May 21, 2026 · 2 min
MarchingCubes lets you color blobs. The material has to ask.
Six blobs, three colors, all rendered hot pink. The fix is one boolean.
Building a metaballs demo. Three.js’s MarchingCubes does the heavy lift — overlapping spheres get merged into one isosurface, the algorithm rebuilds the mesh every frame, you get those gooey morphing blobs.
The plan: seven blobs, three colors. The cyan one would chase the cursor. That was the whole hook.

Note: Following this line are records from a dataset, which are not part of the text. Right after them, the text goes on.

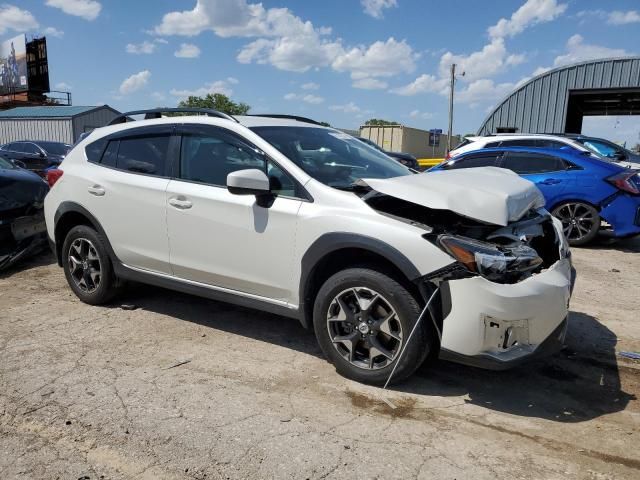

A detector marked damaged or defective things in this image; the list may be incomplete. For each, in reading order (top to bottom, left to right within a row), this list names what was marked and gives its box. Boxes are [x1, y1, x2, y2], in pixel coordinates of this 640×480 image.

crumpled hood [360, 167, 544, 227]
cracked pavement [0, 238, 636, 478]
exposed headlight assembly [438, 235, 544, 284]
detached front bumper [440, 258, 576, 368]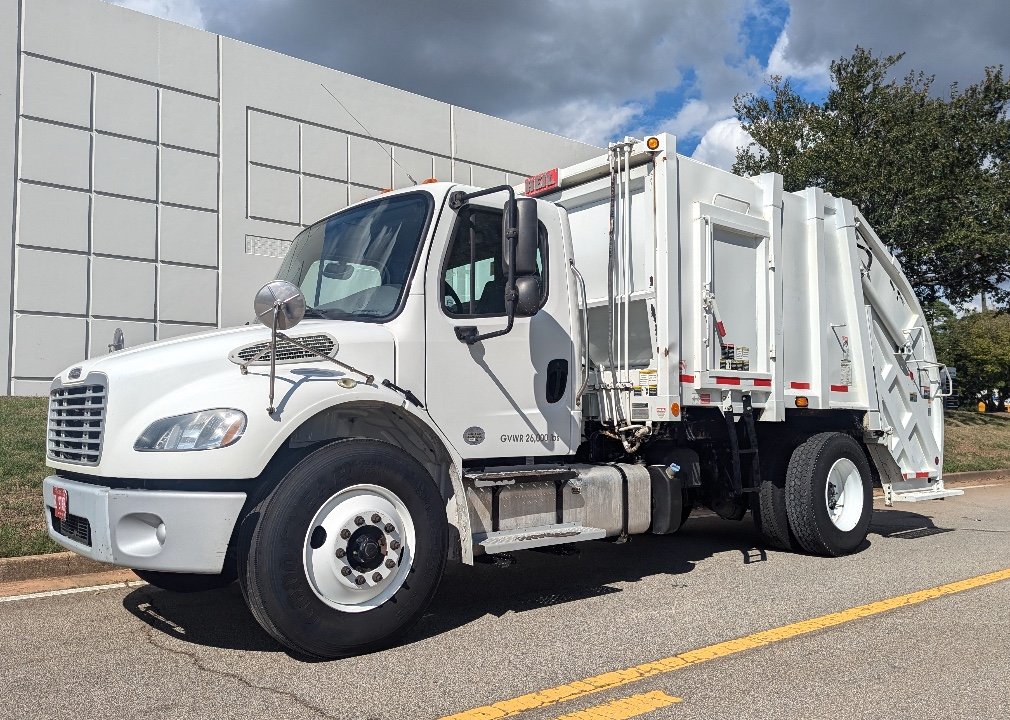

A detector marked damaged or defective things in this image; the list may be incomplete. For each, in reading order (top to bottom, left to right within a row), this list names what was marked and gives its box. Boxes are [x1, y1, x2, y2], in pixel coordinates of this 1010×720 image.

cracked pavement [1, 482, 1010, 718]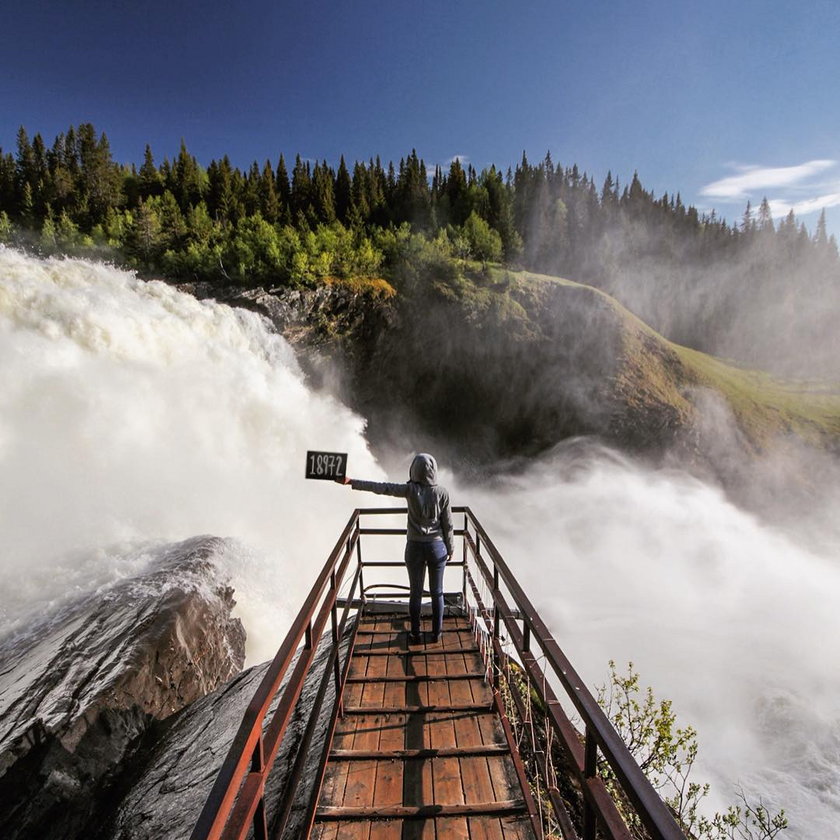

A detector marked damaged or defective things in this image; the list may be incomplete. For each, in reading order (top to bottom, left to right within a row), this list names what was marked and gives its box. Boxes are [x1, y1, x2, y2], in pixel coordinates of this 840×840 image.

rusty metal railing [189, 506, 684, 840]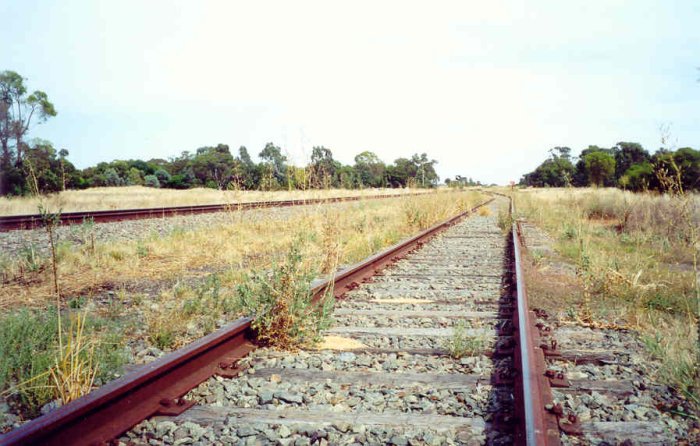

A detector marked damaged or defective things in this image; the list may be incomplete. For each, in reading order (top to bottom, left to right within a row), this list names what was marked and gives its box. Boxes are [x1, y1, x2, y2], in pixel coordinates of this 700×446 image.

rusty metal surface [0, 193, 432, 233]
rusty rail [0, 190, 434, 232]
rusty rail [0, 199, 492, 446]
rusty metal surface [508, 199, 564, 446]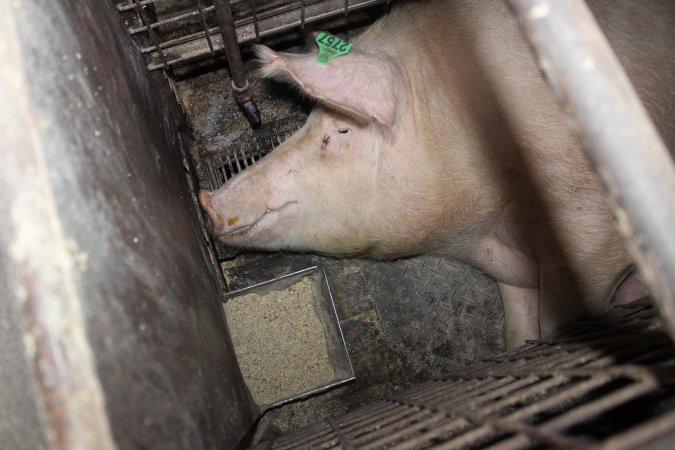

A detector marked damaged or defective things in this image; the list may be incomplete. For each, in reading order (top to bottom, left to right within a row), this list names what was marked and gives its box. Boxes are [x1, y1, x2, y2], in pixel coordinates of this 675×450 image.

rusted metal surface [214, 0, 262, 125]
rusty metal pipe [214, 0, 262, 126]
rusted metal surface [116, 0, 390, 71]
rusted metal surface [0, 0, 258, 450]
rusty metal pipe [510, 0, 675, 340]
rusted metal surface [510, 0, 675, 342]
rusted metal surface [251, 300, 675, 448]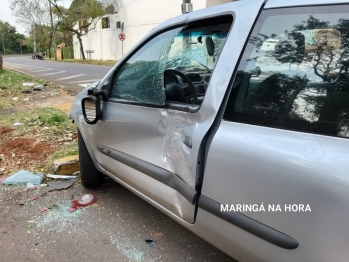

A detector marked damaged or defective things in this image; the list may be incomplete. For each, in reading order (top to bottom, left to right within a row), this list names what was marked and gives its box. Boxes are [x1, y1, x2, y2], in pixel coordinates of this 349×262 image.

shattered window glass [111, 26, 182, 104]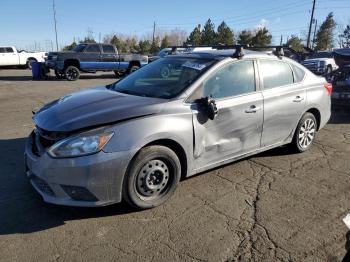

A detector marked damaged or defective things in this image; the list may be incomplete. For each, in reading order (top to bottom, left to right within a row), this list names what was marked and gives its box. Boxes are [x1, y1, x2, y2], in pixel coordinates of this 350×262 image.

damaged silver car [24, 46, 330, 209]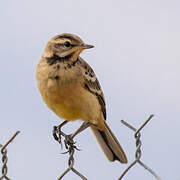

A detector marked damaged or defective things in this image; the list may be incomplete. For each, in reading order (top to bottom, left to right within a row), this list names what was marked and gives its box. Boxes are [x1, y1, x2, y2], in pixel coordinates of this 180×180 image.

rusty wire [0, 131, 20, 180]
rusty wire [56, 132, 87, 180]
rusty wire [118, 114, 162, 179]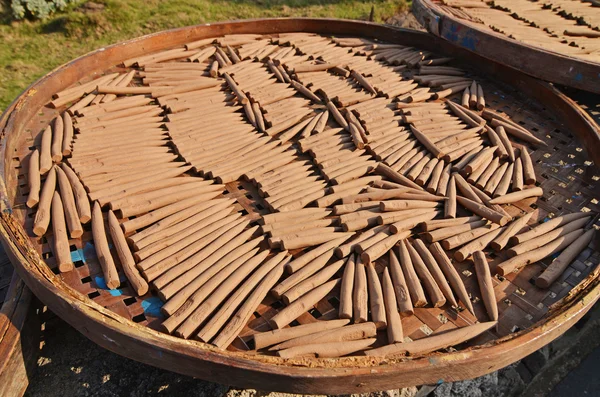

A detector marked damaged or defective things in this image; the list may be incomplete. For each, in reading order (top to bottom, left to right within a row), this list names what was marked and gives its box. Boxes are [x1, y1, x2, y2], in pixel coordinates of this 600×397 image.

rusty metal rim [410, 0, 600, 94]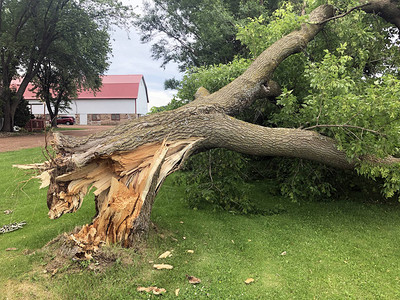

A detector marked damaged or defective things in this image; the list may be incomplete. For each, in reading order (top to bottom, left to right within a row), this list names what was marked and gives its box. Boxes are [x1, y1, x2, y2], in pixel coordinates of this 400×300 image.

splintered wood [31, 138, 202, 253]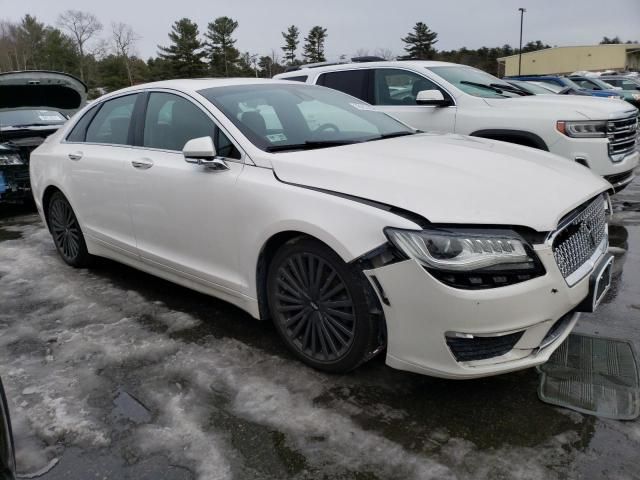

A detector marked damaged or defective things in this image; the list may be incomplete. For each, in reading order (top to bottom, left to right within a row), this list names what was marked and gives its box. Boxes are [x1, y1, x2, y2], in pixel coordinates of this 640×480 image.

damaged white car [31, 79, 616, 378]
broken headlight assembly [384, 228, 544, 290]
damaged front bumper [364, 244, 600, 378]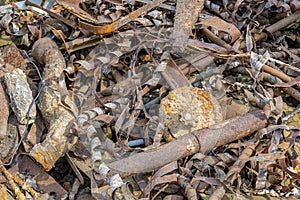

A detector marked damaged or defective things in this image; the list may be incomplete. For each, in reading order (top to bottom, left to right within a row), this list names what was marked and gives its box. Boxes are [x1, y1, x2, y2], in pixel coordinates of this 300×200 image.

corroded metal fragment [3, 69, 36, 124]
corroded metal fragment [159, 86, 223, 141]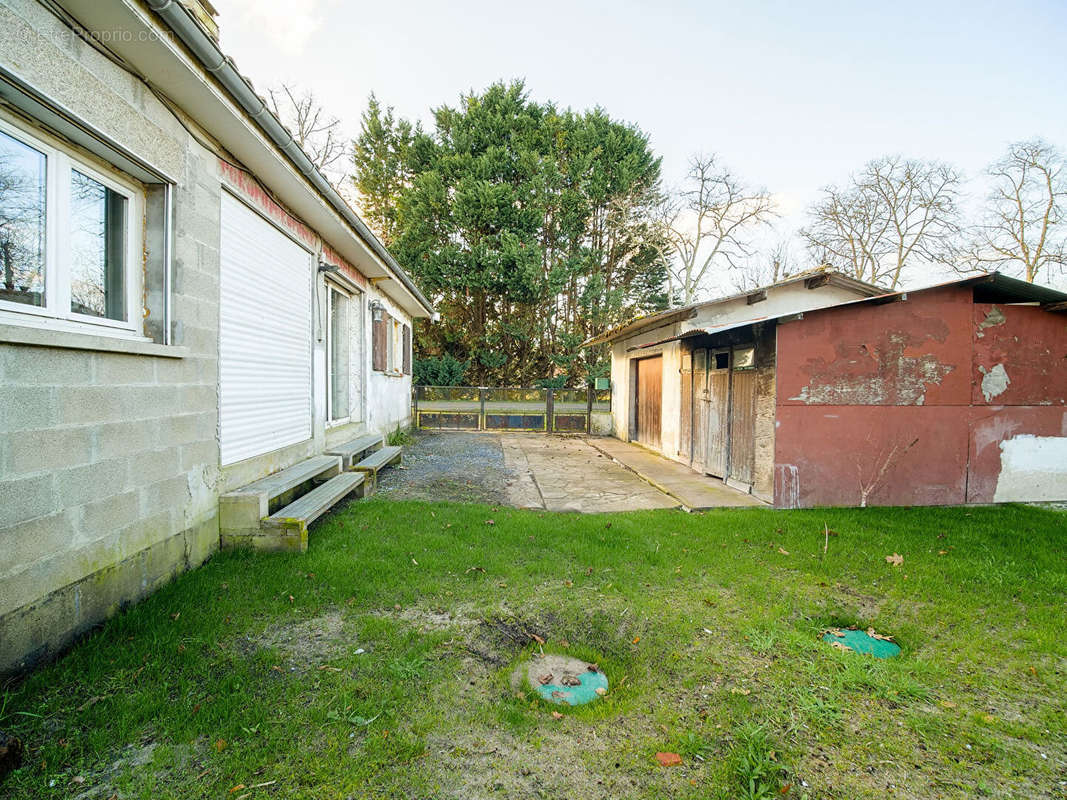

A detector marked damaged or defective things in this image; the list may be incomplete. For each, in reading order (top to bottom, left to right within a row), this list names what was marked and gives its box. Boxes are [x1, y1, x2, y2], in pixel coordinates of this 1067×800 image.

peeling paint on wall [977, 366, 1011, 403]
peeling paint on wall [990, 439, 1067, 501]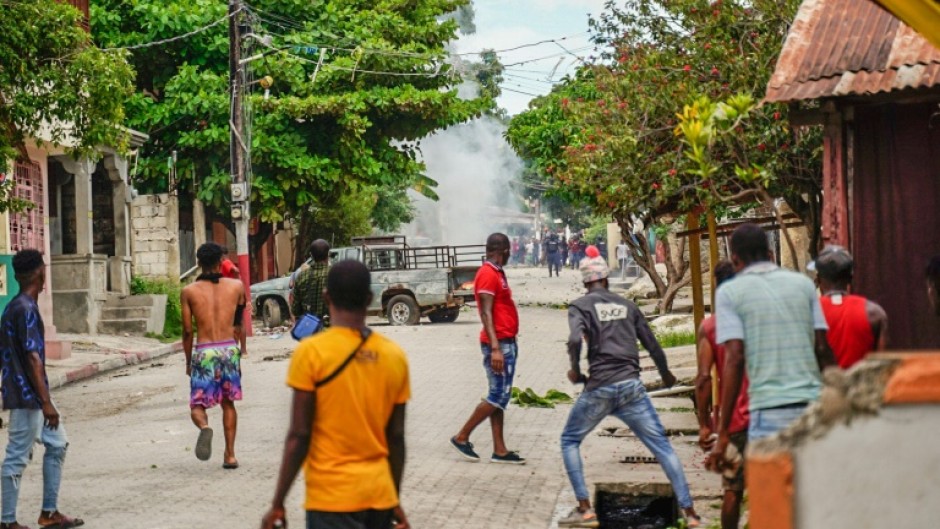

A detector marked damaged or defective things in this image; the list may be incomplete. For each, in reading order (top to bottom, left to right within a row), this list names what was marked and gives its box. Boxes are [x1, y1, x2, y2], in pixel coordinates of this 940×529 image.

rusty metal roof [764, 0, 940, 103]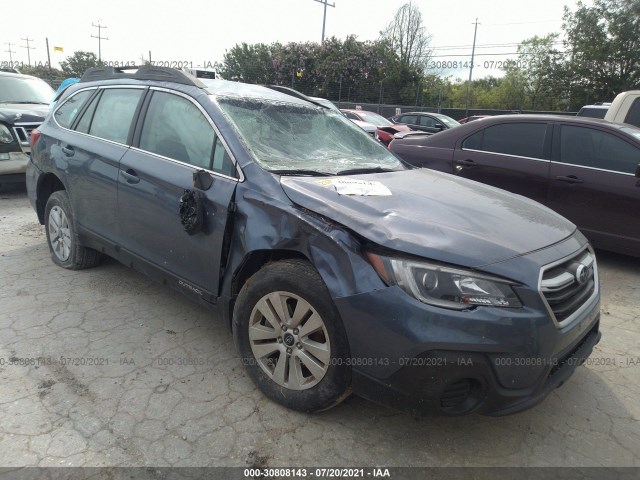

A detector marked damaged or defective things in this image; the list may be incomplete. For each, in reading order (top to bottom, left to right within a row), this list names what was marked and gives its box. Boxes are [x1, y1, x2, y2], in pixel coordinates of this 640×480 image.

crumpled hood [0, 103, 48, 124]
broken side mirror [194, 170, 214, 190]
damaged blue suv [27, 65, 604, 414]
crumpled hood [280, 169, 576, 268]
cracked asphalt pavement [0, 185, 636, 468]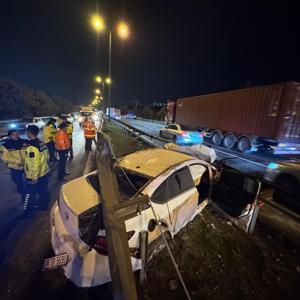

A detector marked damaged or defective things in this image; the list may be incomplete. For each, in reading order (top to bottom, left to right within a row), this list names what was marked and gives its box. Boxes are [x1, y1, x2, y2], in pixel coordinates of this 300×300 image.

damaged white car [48, 149, 260, 288]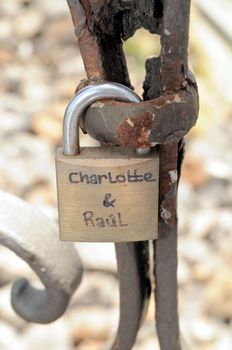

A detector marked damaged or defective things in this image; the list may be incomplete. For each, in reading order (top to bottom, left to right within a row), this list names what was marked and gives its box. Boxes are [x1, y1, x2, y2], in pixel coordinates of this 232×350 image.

rusty metal chain [65, 1, 199, 348]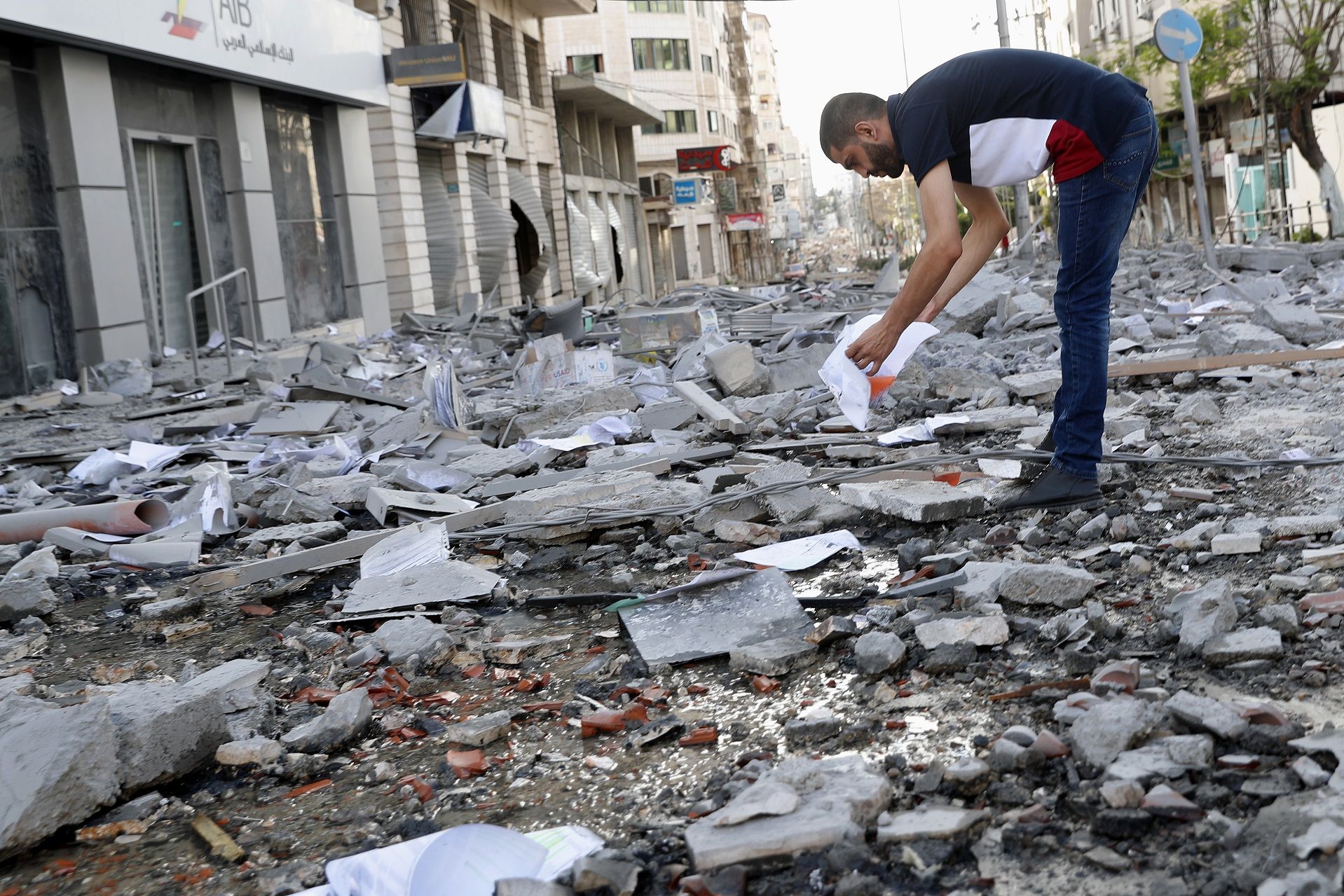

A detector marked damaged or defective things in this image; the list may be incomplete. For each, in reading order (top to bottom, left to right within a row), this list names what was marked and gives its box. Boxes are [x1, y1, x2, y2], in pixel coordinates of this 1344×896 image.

rusty pipe [0, 497, 173, 548]
damaged street [8, 240, 1344, 896]
broken concrete slab [838, 483, 989, 526]
broken concrete slab [683, 752, 892, 870]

We shipped it. Every blob was hot pink. Including the cyan one. Especially the cyan one, because it was the biggest and you couldn’t miss it.
The API takes a color. addBall(x, y, z, strength, subtract, color). The constructor takes an enableColors flag. We’d set both.
const blobs = new MarchingCubes(48, mat, true, /* enableColors */ true);
blobs.addBall(0.5, 0.5, 0.5, strength, subtract, new Color(0x00d9ff));
What we missed: the material has to ask for the colors. Three.js generates the vertex color buffer either way. The material decides whether to read it.
const mat = new MeshPhongMaterial({
- color: 0xff006e,
+ color: 0xffffff,
+ vertexColors: true,
});
Two fixes layered. vertexColors: true switches on the read. The base color has to be white because Three multiplies the material color by the vertex color, and a pink material times a cyan vertex color produces approximately black-pink, which on screen reads as just darker pink.
The thing this surfaces about Three’s API: “you gave me color data” and “you want me to render with color data” are two separate switches. The geometry holds the data. The material has to opt in.
I keep falling for this. It’s been six years since I started using Three.js. I’ll fall for it again.